Simple Summary
Conventional ultrasound (US) remains an essential tool for the surveillance of hepatocellular carcinoma development in patients with cirrhosis, offering acceptable sensitivity, but limited specificity. Conversely, contrast-enhanced ultrasound (CEUS) enhances HCC nodules’ characterization, although it is not accepted for detection and staging compared to CT and MRI. In recent years, metabolic dysfunction-associated steatohepatitis (MASH) has emerged as the primary cause for the development of HCC worldwide. Apart from cirrhotic patients, current guidelines do not recommend US surveillance for patients with < F3 fibrosis, even though HCC can develop from MASH without cirrhosis, leading to altered detection and treatment options. This lack of US surveillance leads to the presentation of different (large-size lesions), uncommon, confusing (CEUS appearance of non-HCC lesions), and more severe patterns of HCC (more frequent macrovascular invasion and extension), previously unseen in post-viral chronic liver disease. Furthermore, CEUS appearances are associated with equally confusing patterns, due to the presence of steatosis, and similar challenges are observed on other dynamic modalities (CT and MRI), as well as in the variability of reporting categories observed so far in chronic post-viral diseases. Despite these challenges, updated US classification systems and recent technological advances support the continued importance of US in routine clinical practice.
Abstract
Conventional ultrasound (US) has long been central to hepatocellular carcinoma (HCC) surveillance in cirrhotic patients, due to its low cost, wide availability, non-invasiveness, and adequate sensitivity for detecting small nodules.

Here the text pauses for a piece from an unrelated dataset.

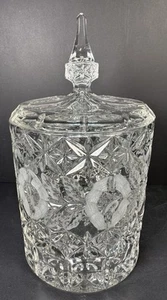 Schwere Kristall Diamantschliff Keksdose mit Deckel ~10,5” hoch 5,75” breit Vintage - Bild 1 von 8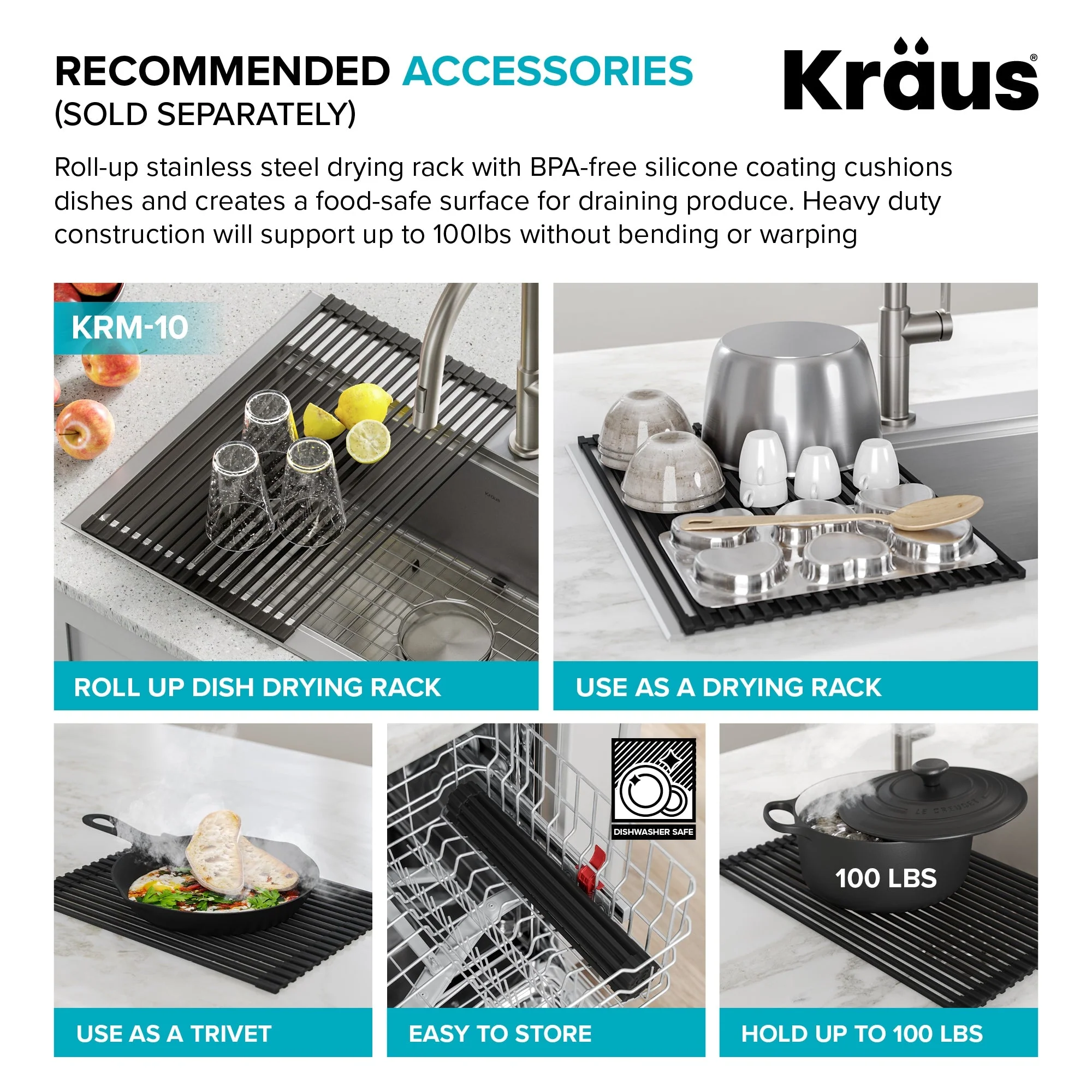 Kraus 22x25 Inch Stainless Steel Drop-In Laundry Sink with Drain - Image 12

However, its specificity in distinguishing HCC from other lesions is limited. Contrast-enhanced ultrasound (CEUS) has significantly improved the characterization of nodules first identified on conventional US. Yet, when CEUS is performed using sulfur hexafluoride (SonoVue)—the only contrast agent available in Western countries—assessment remains restricted to a single nodule per examination, and enhanced CT or MRI is still required for full characterization and staging. In clinical settings, such as hepatology, internal medicine, infectious diseases, and surgery, CEUS offers the advantage of immediate availability, enabling rapid characterization of suspicious nodules in cirrhotic livers and facilitating timely therapeutic decisions. Although the introduction of direct-acting antivirals (DAAs) has substantially reduced HCV-related HCC, HCC incidence is increasingly driven by metabolic dysfunction-associated steatohepatitis (MASH). Evidence on surveillance strategies for MASH patients remains limited, and current EASL guidelines recommend monitoring only patients with >F2 fibrosis. Additionally, the effectiveness of US in obese or diabetic/obese populations is under ongoing investigation; abbreviated non-contrast MRI has been proposed as an alternative surveillance tool, but its adoption would entail significant economic implications for healthcare systems. HCC arising from MASH—sometimes even without cirrhosis—exhibits different sonographic and pathological features. Instead of small, hypoechoic nodules, typically seen in HCV-related cirrhosis, clinicians increasingly encounter larger or multiple lesions, often accompanied by macrovascular invasion, limiting access to curative treatments. Furthermore, typical CEUS LI-RADS patterns are less frequently observed. This review summarizes the evolving US findings in the era of MASH-related HCC and underscores the continued importance of US as the primary imaging tool in routine clinical practice.